Problem details: The answer must consist only of the lines in the records below from the line with "Top view of" to the line with "Abstract gradient of", both included, copied word for word with every picture left out.

Task material:
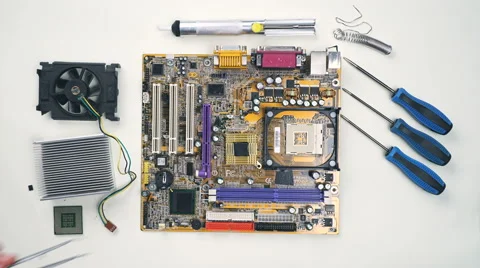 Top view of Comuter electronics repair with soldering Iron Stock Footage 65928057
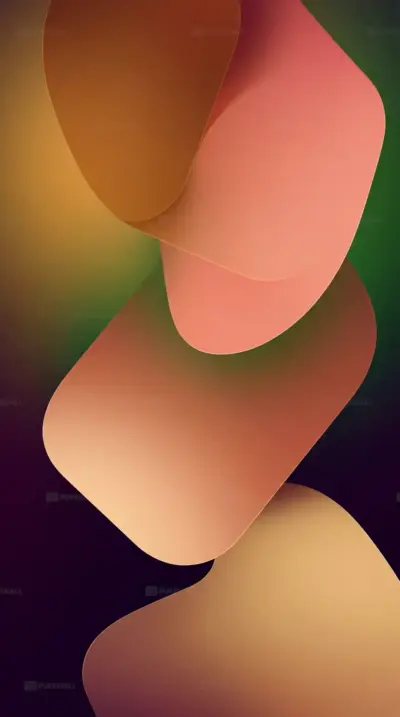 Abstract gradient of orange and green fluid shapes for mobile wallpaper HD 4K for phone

* * *

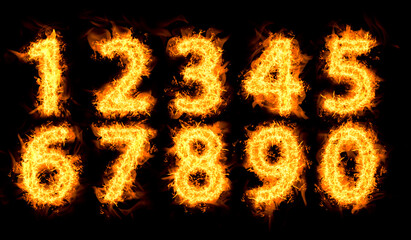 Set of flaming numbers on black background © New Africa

Expected answer:
 Top view of Comuter electronics repair with soldering Iron Stock Footage 65928057
 Abstract gradient of orange and green fluid shapes for mobile wallpaper HD 4K for phone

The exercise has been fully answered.